WITH the tax code having been amended to streamline the system and bring in more revenue, we regular do-it-yourself taxpayers better start earlier than usual our preparation for the filing of income tax returns before the April 15 deadline.
Starting my preparation last week, I was disturbed to find some changes that many taxpayers who cannot afford an accountant or such tax-savvy assistant may take time to understand.
I’ve learned for instance that the Form 1701 that I as a Self-Employed Individual have been using these many years is no longer acceptable. Taxpayers who fall under this category will have to study early the new form, and its requirements, to avoid stressful confusion in the rush days close to the deadline.
My Regional District Office No. 39 in Quezon City said the new form was actually not necessary, that the taxpayer could just go to the Bureau of Internal Revenue website <bir.gov.ph> and file his ITR online.
That sounded okay, except that I found the BIR’s own website had not been updated and therefore not yet usable for the purpose. I don’t know how it is with different categories of individual, corporate and other taxpayers.
To save time and avoid the traffic seeking information, I called phone numbers listed on the BIR website under RDO-39, but the numbers were either busy or not being answered at all. Why install and list phone numbers, and pay for them, when they are useless?
Despite doctor’s advice for this senior citizen to avoid driving in Manila traffic, I went to the BIR main office for help. Its education and information office no longer had Form 1701, saying it has been replaced by Form 1701A. Funny, but the BIR website did not have that information.
The BIR main office also did not have Form 1701A ready for distribution, so the staff went to their files and kindly printed several copies for me. Thanks. I hope they will do that for others similarly situated who go to them.
How soon can BIR, already working overtime, upload on its website in orderly fashion all the implementing guidelines and the new forms arising from recent amendatory legislation, including the Tax Reform for Acceleration and Inclusion (TRAIN) Act?
Suggesting that I file my ITR online right then, the BIR staff lent me a computer.

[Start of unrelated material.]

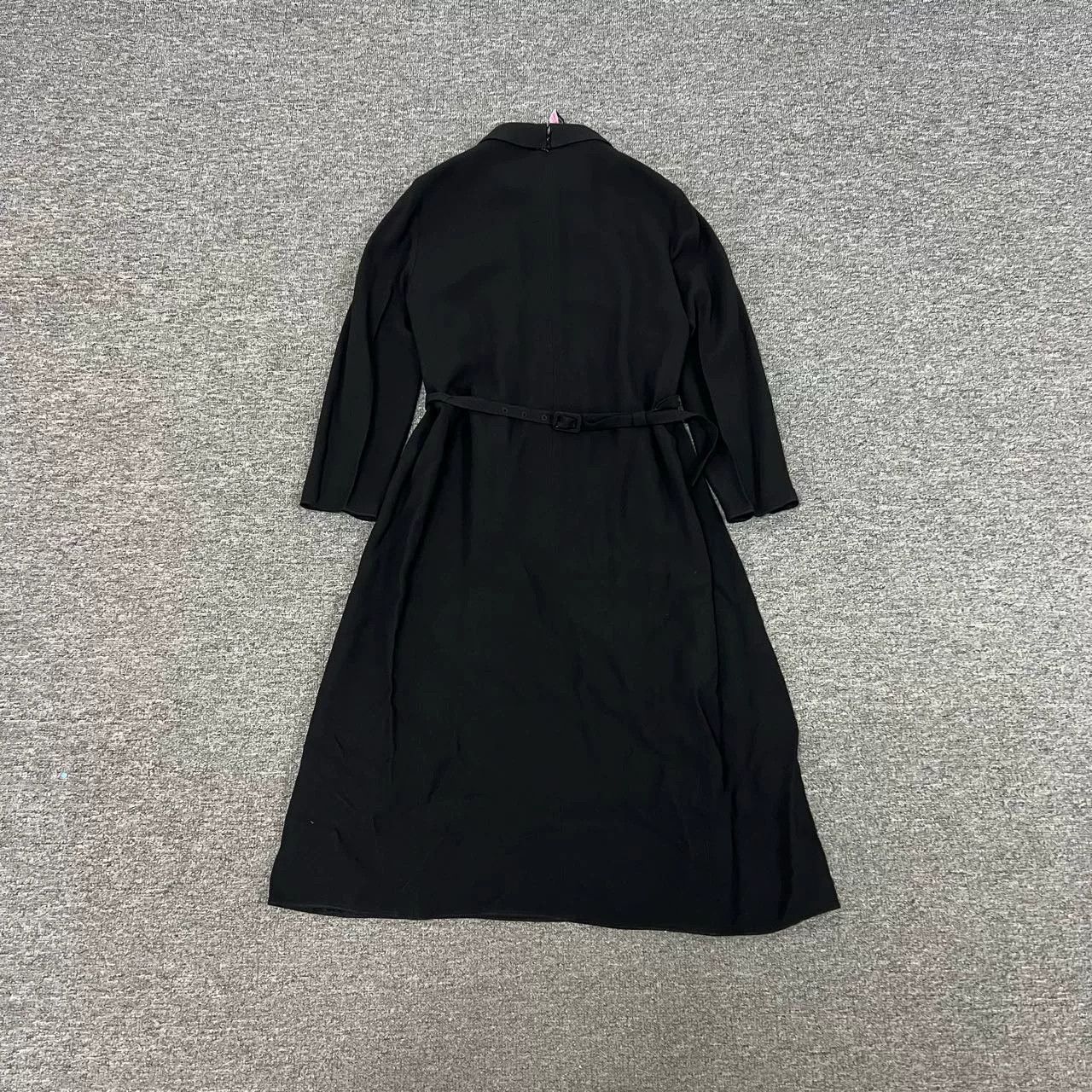Prada Prada Classic Black Collared Long-Sleeve Dress Size S / US 4 / IT 40 - 2 Thumbnail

But I gave up upon encountering errors in their data base: Samples: I am still an employee, I am single, etc. It will take me forever combing through and correcting the BIR data. I have other important things to do.
I understand that the so-called online ITR filing is not totally electronic. After the form is accomplished and validated by the BIR, the taxpayer still has to go to an authorized bank to pay.
The staff volunteered the information that seniors are allowed to file ITRs manually. I wonder what the rationale is, and if the exception is official and written in the books. But whatever the reason for it, I welcome it.
• Can one get refunds of excess taxes?
THERE is actually some good news for taxpayers who, like me, want simplicity and clarity of procedure and a lowering of tax rates.
The BIR website still did not have Form 1701A as of last Friday, but here are some features of that new form that has replaced Form 1701 for “Annual Income Tax For Individuals Earning Purely Compensation Income (Including Non-Business/Non-Profession Related Income)”:
* Instead of the old form’s staggering 12 pages, Form 1701A has only two pages printed on both sides of one sheet! At least, that saves on cost of printing and reduces the psychological intimidation of DIY taxpayers like me. (I don’t know about the forms for other taxpayers.)
* There are now two options as to tax rates: (1) Graduated rates with the Optional Standard Deduction, which used to be 40 percent; and (2) 8 percent for those with gross sales/receipts and other non-operating income that does not exceed P3 million. Better ask a tax expert to explain that.
Among the reasons why some individuals regularly receiving professional fees from the same source have noticed bigger take-home pay for the same services is that the withholding tax rate has been reduced to 10 percent for those whose gross annual fees total less than P720,000.
The higher withholding tax rates of the past have resulted in many cases of deductions surpassing the total tax due when finally computed. The excess tax withheld is to be recovered, theoretically, through a refund, a tax credit for the following year’s payments, or via a Tax Credit Certificate.
I asked the BR staff how I could get a refund of excess tax withheld at least for the past two taxable years. As shown in my past ITRs, the tax withheld from me at source for 2016 and 2017 exceeded the resulting tax due at the time I filed my ITRs for those years.
Their answer was that I should write the BIR Commissioner asking for a refund, if that was the option I indicated on my ITR at the time I filed it. I said never mind. (I don’t have the staying power of a Juan Ponce Enrile or the leverage of a Palace functionary.)
I have heard too many horror stories of taxpayers who had made the mistake of asking for refunds. Grizzled friends claim that refund requests are an invitation to endless audits whose sole purpose seems to be to prove that the individual is a tax cheat and not a victim of overcharging.